Esta é de certa forma a pergunta que o filme argentino Um conto chinês propõe através dos recortes de jornal sobre os absurdos da vida, colecionados pelo protagonista, um homem solitário e esquivo, dominado por uma profunda neurose obsessiva.
A pergunta surge insidiosa desde o momento em que abrimos os olhos de manhã e, aos poucos, o mundo vai se construindo ao nosso redor nos trazendo as memórias boas e ruins do dia anterior e os cenários que se apresentam para o dia que começa;
Se a nossa estrutura for propensa à depressão, a vontade será de continuar dormindo, ou, com muito esforço, capturados pela força do dever, será possível levantar e encarar o novo dia de cara feia, pedindo a Deus que ninguém nos dirija a palavra.
No entanto, se a nossa estrutura psíquica for mais propensa à euforia, levantaremos cheios de entusiasmo, cantando sob o chuveiro, incomodando os depressivos de turno com o nosso bom humor.
A nossa mente, contudo, não trabalha como uma linha reta, ela é passível de altos e baixos que modificam o nosso humor.

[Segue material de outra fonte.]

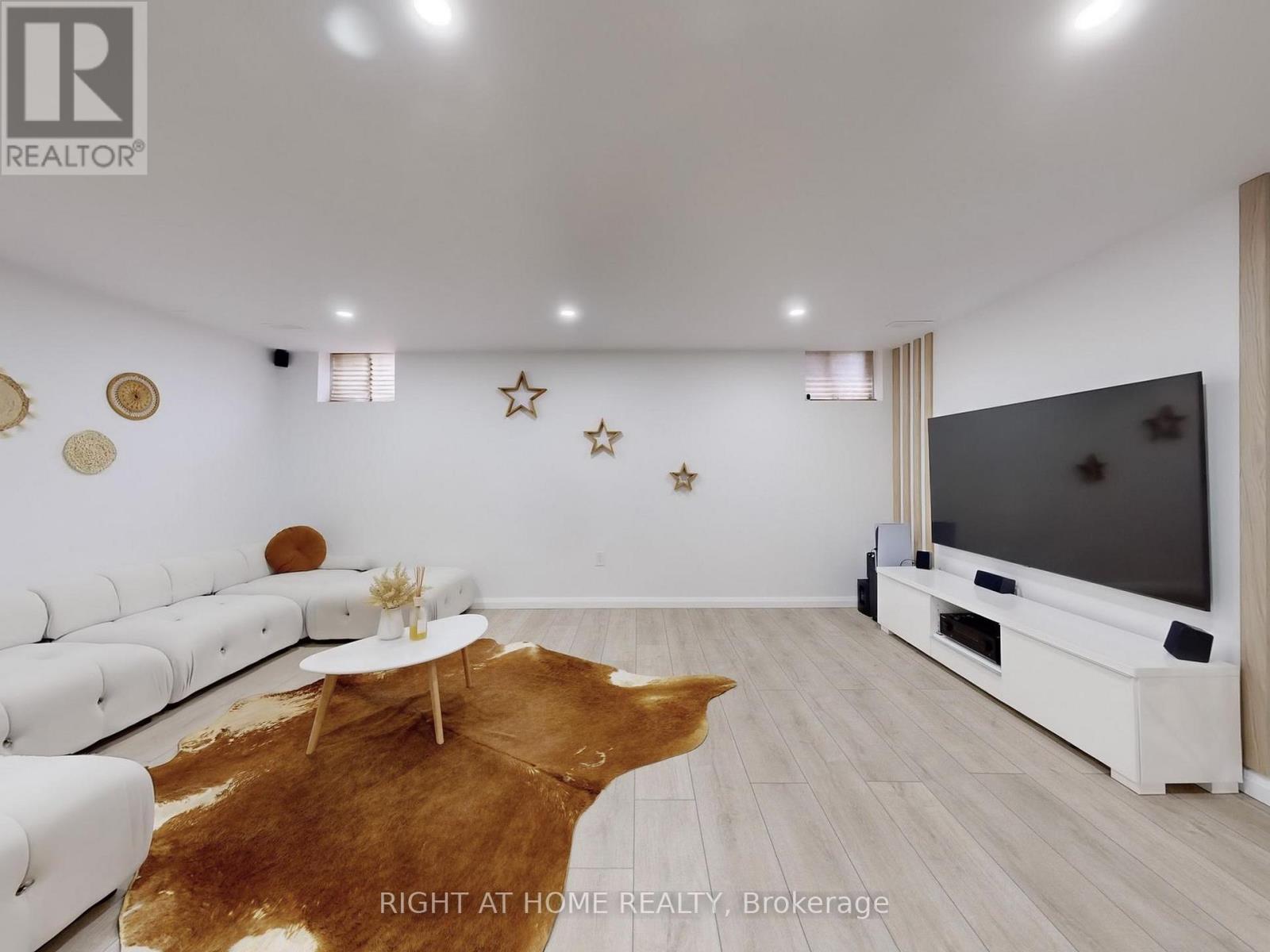 #30 35 MIDHURST HEIGHTS - 35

Uma boa notícia, um encontro inesperado, uma atitude afetuosa da pessoa que amamos pode trazer cor e sabor para o nosso dia. Da mesma forma, para os entusiastas de turno, a leitura do jornal, um evento inesperado, uma fechada no trânsito, uma conta para pagar, podem mudar de repente o cenário e trazer raiva e amargura.
Mas afinal, será que somos todos loucos? Com certeza, todo ser humano vive alternando momentos dominados pelo seu núcleo psicótico e outros pelo seu núcleo neurótico. Certa bipolaridade está inscrita na nossa natureza. Há portanto momentos em que achamos que vale a pena viver e outros em que definitivamente achamos que a vida não vale a pena de ser vivida. Obviamente esta oscilação pode atingir seus extremos e se fixar em um surto maníaco, em que somos dominados por um otimismo onipotente, ou em um surto depressivo, em que somos dominados por pensamentos sombrios de morte.

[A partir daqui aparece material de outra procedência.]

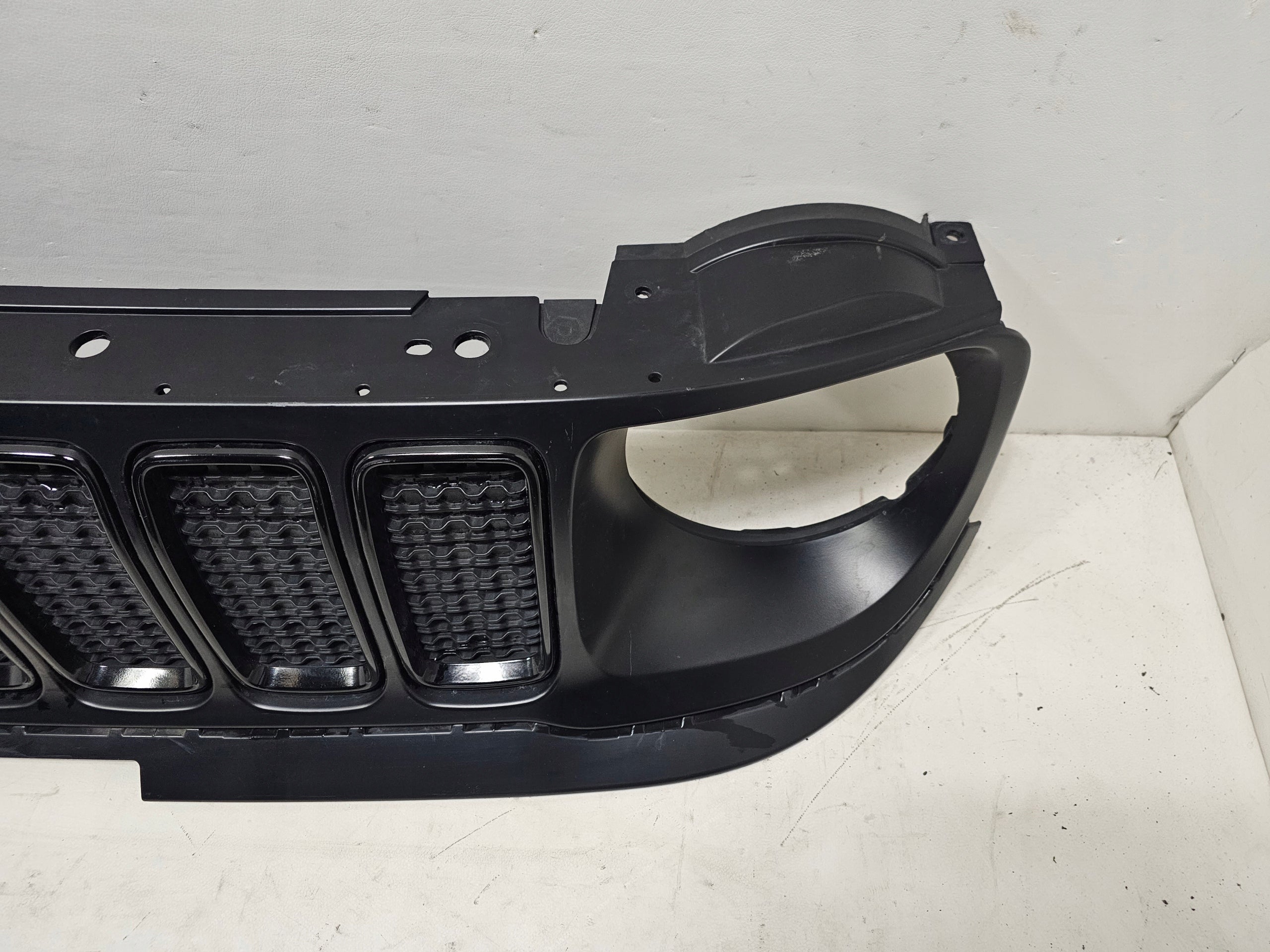 Kühlergrill Jeep RENEGADE FRONTGRILL 735672991 Kühlergitter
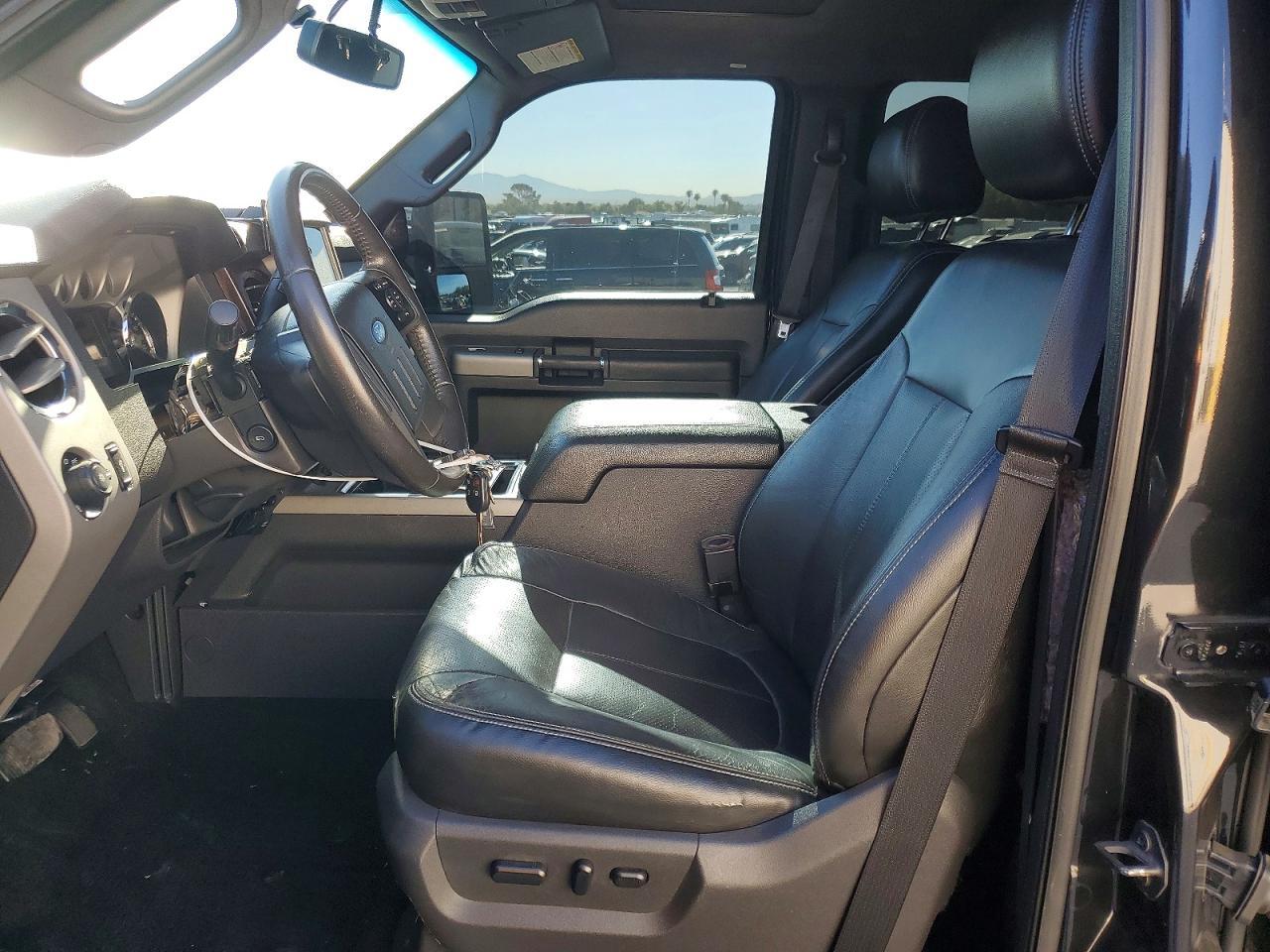 2014 Ford F250 Super Duty - Image 7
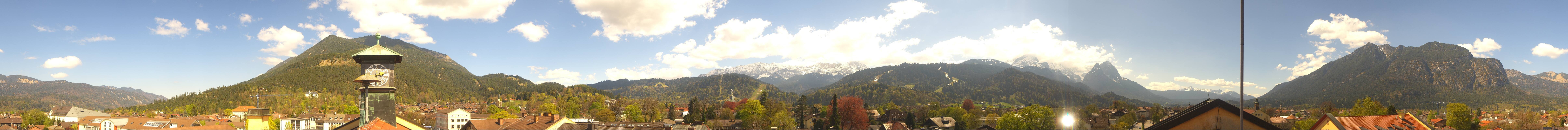 Archiv Foto Webcam Panoramablick Rathaus Garmisch-Partenkirchen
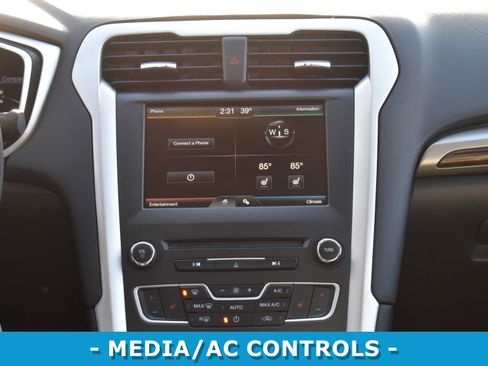 Used 2016 Ford Fusion SE w/ Equipment Group 202A image 16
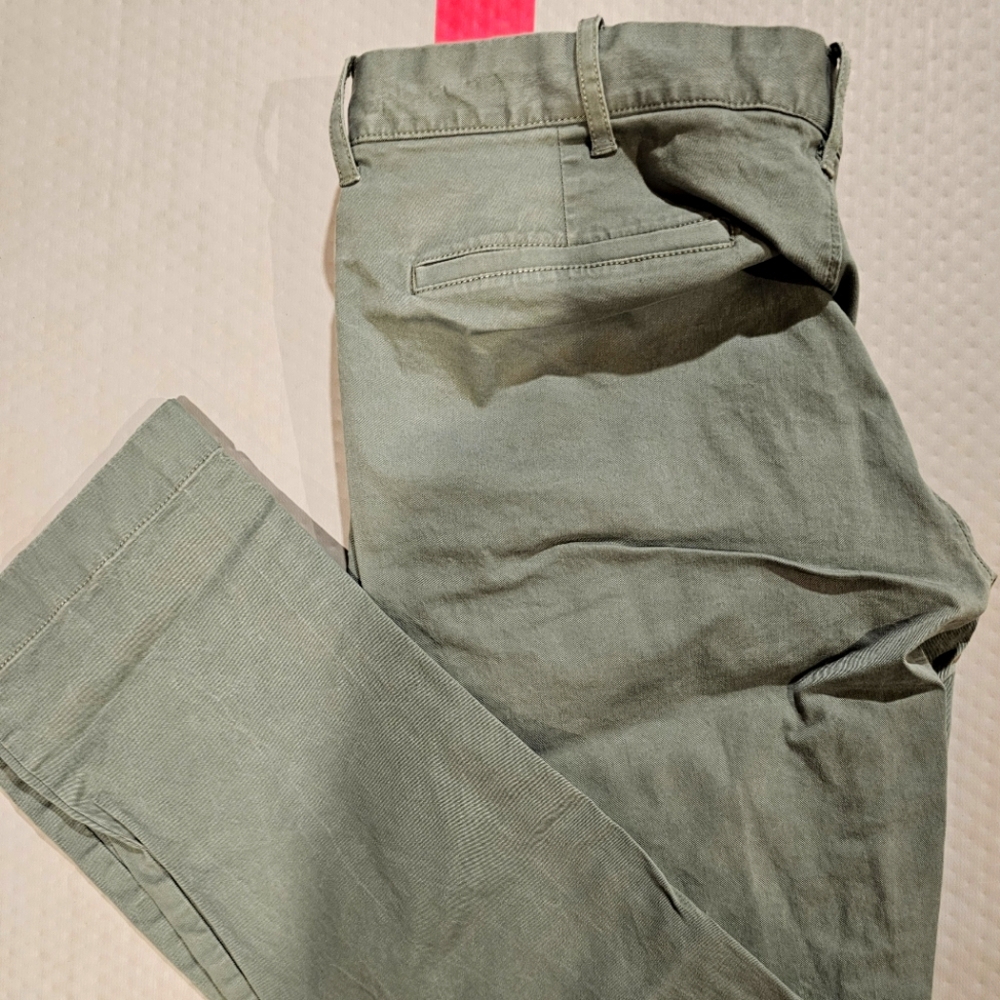 The Driggs chinos by J. Crew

Tudo isso ainda não responde à pergunta se viver vale a pena. A Filosofia buscou por séculos uma resposta a essa questão, chegando a respostas completamente contraditórias. Da mesma forma, as religiões procuram dar um sentido à existência humana e aos seus dramas, à luz de uma transcendência que convoca o ser humano para além dos seus limites e dos seus conflitos.

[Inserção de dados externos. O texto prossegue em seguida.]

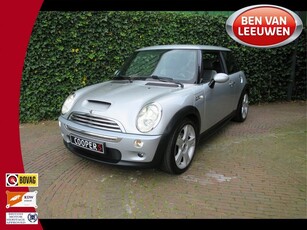 MINI Cooper S 1.6 Chili R53 Youngtimer, Leer, Recaro's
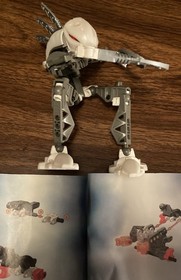 LEGO BIONICLE: 2003 Rahkshi Kurahk (8588) With Manual.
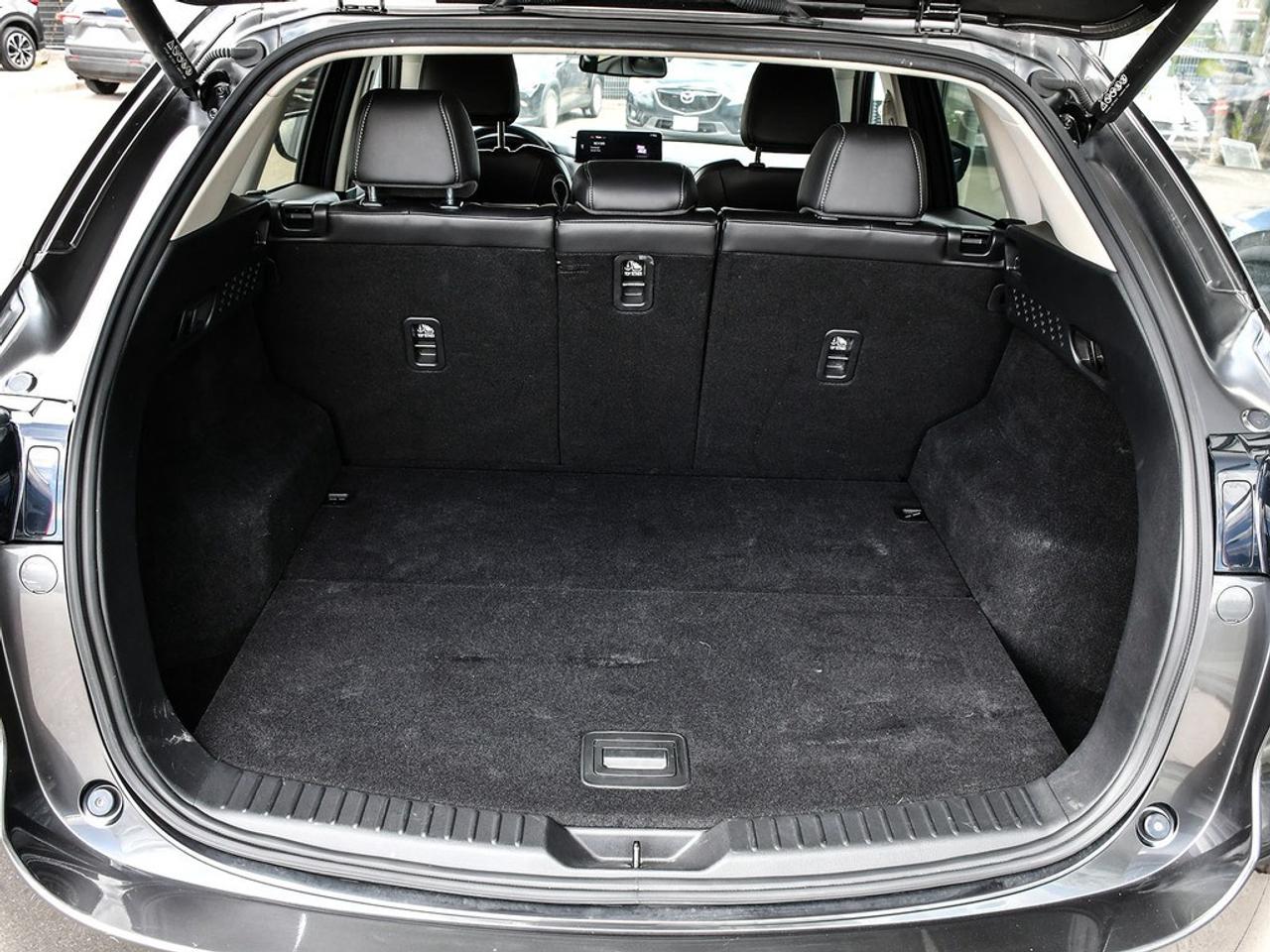 2025 Mazda CX-5  Photo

Do ponto de vista da Psicanálise, não há resposta para essa pergunta, pois ela se debruça sobre o ser humano para constatar que, diante da mesma existência, alguns ficam capturados pela angústia e o desespero, outros se refugiam na fuga maníaca do real, buscando um encapsulamento narcísico que os proteja do mundo e outros ainda conseguem dar um sentido à sua existência e suportar seus desafios e suas contradições.
Conseguir dar um sentido à própria existência não é algo que vem pronto, não há respostas vindas de fora que possam nos convencer de que viver vale a pena. A resposta a essa pergunta só pode ser dada por nós mesmos, a partir da elaboração da nossa experiência da realidade, à luz das exigências do nosso mundo interno. Em última análise a resposta é dada a partir do nosso Eu profundo (Self). Para alguns viver valeu a pena mesmo sendo reclusos em um campo de concentração nazista, como no caso do Pe. Kolbe, ou aprisionados quase que a vida inteira pela fúria da Inquisição, como no caso de S. João da Cruz. Para outros viver se torna insuportável e sem sentido, mesmo sendo rodeados do luxo, do dinheiro e do poder, como no caso de Getúlio Vargas ou de alguns astros do cinema ou da música, que se suicidaram.